Task description:
Find the line with "And that is" in the entries below. Repeat it, every following line, and the line with "Hello everyone and", exactly and with nothing added.

Supplied material:
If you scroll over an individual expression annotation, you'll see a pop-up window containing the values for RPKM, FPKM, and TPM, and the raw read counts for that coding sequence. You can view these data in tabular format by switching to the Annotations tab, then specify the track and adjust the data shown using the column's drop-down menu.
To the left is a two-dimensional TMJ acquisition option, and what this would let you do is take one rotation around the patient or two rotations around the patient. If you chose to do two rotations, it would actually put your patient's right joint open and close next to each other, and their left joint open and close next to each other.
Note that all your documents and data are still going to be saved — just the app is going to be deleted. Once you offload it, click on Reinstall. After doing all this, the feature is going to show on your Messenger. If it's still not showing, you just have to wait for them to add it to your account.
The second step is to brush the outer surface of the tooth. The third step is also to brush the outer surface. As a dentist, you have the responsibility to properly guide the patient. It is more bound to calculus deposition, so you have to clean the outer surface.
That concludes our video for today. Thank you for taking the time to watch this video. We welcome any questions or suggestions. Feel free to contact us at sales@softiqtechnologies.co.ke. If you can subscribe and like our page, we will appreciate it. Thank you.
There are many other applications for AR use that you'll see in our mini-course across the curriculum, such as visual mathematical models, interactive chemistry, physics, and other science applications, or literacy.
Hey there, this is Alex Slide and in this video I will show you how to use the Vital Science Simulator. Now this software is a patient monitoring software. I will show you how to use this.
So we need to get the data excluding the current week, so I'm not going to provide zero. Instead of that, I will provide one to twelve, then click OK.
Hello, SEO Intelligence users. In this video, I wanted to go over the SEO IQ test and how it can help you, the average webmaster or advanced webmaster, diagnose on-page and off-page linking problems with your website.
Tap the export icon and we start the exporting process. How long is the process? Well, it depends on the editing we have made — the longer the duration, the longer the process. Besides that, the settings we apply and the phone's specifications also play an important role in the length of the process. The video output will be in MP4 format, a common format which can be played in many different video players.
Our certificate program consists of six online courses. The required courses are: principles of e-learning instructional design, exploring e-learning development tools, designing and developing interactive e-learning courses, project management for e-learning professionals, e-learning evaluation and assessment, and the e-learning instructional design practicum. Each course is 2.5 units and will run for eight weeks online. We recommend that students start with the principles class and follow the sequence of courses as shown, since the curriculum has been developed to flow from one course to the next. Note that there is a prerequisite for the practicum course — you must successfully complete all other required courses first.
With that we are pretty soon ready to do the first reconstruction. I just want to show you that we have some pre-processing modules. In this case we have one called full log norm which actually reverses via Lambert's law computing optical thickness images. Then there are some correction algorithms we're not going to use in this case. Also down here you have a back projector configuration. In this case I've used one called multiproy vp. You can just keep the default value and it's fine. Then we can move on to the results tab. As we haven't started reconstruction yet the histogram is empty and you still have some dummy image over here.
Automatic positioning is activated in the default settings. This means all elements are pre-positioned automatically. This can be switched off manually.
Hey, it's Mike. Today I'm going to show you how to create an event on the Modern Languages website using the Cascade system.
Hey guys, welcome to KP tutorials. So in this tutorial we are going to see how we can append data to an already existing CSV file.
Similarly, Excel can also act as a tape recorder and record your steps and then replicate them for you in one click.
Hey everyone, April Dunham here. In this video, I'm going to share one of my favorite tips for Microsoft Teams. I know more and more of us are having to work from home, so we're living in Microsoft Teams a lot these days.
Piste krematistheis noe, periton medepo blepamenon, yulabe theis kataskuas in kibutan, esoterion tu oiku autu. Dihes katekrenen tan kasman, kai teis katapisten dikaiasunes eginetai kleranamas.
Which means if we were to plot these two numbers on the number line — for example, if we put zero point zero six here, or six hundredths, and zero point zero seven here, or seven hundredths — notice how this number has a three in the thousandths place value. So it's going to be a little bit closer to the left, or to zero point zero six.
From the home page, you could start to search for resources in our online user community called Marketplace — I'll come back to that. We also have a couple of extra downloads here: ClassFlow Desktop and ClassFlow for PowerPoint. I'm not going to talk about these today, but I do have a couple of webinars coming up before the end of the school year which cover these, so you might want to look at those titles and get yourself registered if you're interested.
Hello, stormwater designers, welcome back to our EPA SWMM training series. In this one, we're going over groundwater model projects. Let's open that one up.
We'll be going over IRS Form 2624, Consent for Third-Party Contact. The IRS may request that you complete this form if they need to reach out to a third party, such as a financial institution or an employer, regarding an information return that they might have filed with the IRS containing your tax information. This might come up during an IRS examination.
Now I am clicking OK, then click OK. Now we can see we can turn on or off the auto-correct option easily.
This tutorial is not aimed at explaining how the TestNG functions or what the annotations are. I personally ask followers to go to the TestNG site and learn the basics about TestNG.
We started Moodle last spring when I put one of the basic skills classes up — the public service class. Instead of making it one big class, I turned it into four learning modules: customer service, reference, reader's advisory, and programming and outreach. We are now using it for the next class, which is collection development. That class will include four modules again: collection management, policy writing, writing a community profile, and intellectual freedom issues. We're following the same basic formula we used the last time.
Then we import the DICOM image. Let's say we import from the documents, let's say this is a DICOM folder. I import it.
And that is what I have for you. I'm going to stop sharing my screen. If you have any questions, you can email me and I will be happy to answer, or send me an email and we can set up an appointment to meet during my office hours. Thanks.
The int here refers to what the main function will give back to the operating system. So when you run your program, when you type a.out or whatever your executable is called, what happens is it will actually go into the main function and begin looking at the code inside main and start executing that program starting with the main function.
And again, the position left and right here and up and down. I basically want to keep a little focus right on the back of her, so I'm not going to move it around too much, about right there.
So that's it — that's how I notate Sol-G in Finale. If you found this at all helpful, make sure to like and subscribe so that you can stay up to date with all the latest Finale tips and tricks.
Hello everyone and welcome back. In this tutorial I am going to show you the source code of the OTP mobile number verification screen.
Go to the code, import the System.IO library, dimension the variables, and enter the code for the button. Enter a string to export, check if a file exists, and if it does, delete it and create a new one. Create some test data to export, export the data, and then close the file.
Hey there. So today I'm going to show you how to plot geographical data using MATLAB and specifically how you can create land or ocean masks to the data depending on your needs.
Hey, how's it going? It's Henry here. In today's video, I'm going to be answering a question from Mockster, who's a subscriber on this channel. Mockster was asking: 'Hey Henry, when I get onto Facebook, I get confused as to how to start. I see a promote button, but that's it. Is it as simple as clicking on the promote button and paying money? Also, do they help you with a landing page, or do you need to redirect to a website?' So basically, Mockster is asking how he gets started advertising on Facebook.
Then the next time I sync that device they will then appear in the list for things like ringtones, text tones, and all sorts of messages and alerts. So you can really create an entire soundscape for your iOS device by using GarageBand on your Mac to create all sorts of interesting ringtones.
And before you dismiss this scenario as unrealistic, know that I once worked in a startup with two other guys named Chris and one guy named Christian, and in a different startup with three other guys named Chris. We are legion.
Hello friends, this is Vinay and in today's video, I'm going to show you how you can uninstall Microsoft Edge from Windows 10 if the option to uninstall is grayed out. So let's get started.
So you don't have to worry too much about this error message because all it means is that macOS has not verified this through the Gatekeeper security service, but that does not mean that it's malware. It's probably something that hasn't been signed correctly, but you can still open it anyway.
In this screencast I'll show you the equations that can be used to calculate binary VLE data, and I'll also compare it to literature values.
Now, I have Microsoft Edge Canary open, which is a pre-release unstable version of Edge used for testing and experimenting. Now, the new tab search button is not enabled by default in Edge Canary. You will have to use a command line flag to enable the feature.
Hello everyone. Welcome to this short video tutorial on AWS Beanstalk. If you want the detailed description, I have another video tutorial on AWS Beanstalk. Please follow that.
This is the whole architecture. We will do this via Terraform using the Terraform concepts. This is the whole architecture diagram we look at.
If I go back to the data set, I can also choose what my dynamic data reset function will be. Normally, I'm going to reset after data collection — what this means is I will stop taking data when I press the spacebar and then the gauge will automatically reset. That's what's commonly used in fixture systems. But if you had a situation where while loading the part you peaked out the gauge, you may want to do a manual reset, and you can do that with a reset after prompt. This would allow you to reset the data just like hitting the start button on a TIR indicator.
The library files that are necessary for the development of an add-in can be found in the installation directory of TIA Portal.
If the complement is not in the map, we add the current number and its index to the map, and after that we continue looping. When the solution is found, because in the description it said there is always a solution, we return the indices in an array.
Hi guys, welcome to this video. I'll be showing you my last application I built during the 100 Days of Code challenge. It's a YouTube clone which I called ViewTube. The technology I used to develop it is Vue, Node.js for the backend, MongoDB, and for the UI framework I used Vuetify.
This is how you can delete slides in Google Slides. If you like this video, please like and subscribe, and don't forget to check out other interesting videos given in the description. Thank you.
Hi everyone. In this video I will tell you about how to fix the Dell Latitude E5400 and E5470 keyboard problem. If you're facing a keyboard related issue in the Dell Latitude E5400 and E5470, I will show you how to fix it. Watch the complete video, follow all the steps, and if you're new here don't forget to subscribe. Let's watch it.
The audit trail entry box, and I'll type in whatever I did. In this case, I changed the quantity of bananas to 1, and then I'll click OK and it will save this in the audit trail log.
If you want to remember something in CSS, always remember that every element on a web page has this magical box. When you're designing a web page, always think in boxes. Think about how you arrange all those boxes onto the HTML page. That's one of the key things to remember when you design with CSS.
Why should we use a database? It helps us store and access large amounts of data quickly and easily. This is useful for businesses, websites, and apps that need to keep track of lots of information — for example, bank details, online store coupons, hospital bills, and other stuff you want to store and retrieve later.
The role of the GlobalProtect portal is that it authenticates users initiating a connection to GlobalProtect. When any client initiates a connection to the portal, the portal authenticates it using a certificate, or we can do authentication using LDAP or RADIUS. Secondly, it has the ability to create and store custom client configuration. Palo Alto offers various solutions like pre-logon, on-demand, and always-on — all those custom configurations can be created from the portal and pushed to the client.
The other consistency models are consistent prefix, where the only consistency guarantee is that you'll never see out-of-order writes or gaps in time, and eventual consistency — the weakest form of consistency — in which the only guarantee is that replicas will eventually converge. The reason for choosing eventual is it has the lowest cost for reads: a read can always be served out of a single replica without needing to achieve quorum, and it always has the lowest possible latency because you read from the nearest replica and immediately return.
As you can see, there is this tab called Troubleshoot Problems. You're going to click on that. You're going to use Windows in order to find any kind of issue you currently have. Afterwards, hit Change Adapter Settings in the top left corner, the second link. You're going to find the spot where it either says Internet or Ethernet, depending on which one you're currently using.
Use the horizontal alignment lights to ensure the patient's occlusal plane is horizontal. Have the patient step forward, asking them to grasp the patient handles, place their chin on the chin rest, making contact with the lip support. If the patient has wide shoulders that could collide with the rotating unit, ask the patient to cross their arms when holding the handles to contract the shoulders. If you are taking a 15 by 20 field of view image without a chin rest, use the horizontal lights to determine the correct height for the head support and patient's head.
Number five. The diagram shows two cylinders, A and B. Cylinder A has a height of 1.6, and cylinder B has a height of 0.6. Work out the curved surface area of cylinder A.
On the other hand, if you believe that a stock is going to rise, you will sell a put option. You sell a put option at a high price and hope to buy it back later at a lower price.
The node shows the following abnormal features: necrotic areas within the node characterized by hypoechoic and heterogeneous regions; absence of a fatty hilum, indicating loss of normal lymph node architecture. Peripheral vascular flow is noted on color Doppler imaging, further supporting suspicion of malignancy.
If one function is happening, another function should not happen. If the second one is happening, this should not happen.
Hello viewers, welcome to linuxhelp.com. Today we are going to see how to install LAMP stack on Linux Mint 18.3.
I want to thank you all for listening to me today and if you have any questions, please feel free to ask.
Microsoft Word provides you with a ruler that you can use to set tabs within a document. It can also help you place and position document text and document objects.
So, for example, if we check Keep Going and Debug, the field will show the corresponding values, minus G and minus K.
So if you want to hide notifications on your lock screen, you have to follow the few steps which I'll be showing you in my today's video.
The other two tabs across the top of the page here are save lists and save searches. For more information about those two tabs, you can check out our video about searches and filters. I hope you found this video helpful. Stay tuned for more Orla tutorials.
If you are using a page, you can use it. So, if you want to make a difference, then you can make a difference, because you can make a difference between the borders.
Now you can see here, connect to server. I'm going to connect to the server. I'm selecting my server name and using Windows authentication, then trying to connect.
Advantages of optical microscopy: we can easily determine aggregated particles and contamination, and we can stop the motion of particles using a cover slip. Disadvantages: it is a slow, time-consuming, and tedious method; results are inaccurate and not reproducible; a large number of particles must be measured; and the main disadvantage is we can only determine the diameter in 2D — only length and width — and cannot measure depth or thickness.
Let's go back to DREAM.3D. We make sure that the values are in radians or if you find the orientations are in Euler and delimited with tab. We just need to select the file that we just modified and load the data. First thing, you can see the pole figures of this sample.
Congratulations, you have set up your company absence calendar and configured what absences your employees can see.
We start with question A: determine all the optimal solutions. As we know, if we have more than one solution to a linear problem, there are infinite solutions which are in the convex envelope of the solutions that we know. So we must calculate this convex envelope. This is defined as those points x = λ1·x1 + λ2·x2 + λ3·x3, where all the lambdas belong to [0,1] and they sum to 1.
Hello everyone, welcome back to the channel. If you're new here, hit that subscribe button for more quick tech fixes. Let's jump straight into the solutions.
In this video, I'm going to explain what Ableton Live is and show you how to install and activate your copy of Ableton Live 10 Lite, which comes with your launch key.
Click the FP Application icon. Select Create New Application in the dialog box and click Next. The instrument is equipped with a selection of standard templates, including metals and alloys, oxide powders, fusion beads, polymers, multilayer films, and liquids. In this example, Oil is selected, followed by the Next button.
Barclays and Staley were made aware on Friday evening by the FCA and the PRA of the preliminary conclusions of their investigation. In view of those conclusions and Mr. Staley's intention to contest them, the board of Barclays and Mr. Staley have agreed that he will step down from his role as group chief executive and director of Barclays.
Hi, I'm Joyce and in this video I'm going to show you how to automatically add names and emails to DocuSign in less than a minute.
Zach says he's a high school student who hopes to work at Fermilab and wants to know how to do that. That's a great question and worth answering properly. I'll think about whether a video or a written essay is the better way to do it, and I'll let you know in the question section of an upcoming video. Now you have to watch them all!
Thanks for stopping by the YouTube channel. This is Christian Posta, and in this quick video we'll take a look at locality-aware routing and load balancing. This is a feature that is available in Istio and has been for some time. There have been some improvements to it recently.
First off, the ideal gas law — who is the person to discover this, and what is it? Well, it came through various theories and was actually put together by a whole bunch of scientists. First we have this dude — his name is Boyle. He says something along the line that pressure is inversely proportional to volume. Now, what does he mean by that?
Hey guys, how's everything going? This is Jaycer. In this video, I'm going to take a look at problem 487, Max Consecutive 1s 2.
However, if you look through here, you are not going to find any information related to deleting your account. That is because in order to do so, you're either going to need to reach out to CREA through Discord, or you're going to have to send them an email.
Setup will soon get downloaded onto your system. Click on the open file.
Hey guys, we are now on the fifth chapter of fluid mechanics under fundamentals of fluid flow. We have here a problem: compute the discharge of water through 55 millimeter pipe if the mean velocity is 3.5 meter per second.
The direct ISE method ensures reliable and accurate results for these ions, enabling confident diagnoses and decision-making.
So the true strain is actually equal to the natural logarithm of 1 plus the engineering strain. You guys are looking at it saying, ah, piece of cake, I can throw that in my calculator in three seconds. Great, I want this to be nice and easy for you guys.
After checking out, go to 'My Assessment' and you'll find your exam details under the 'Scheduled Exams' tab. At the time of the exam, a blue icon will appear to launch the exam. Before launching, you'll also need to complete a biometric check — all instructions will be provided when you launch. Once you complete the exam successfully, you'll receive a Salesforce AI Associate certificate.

Response:
And that is what I have for you. I'm going to stop sharing my screen. If you have any questions, you can email me and I will be happy to answer, or send me an email and we can set up an appointment to meet during my office hours. Thanks.
The int here refers to what the main function will give back to the operating system. So when you run your program, when you type a.out or whatever your executable is called, what happens is it will actually go into the main function and begin looking at the code inside main and start executing that program starting with the main function.
And again, the position left and right here and up and down. I basically want to keep a little focus right on the back of her, so I'm not going to move it around too much, about right there.
So that's it — that's how I notate Sol-G in Finale. If you found this at all helpful, make sure to like and subscribe so that you can stay up to date with all the latest Finale tips and tricks.
Hello everyone and welcome back. In this tutorial I am going to show you the source code of the OTP mobile number verification screen.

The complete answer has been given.